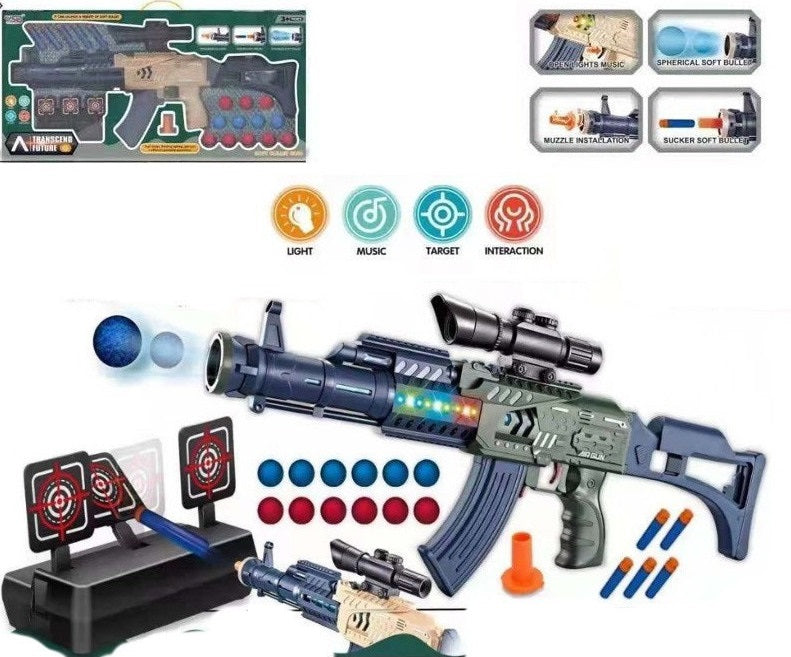 Transcend Future Gun with Soft Bullets and Targets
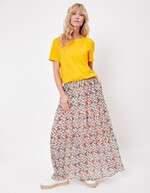Organic cotton slub t-shirt femme La Fiancée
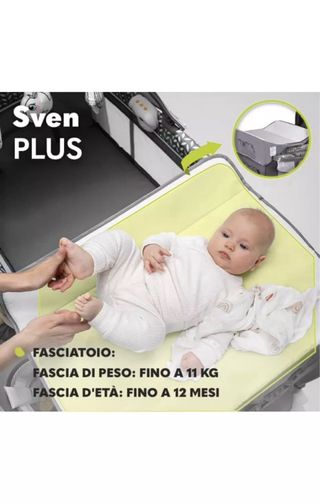 Lionelo Sven Box Lettino e Fasciatoio- Camping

Work order:
Recopy the whole listing above precisely, excluding images.

Problem solution:
 Transcend Future Gun with Soft Bullets and Targets
Organic cotton slub t-shirt femme La Fiancée
 Lionelo Sven Box Lettino e Fasciatoio- Camping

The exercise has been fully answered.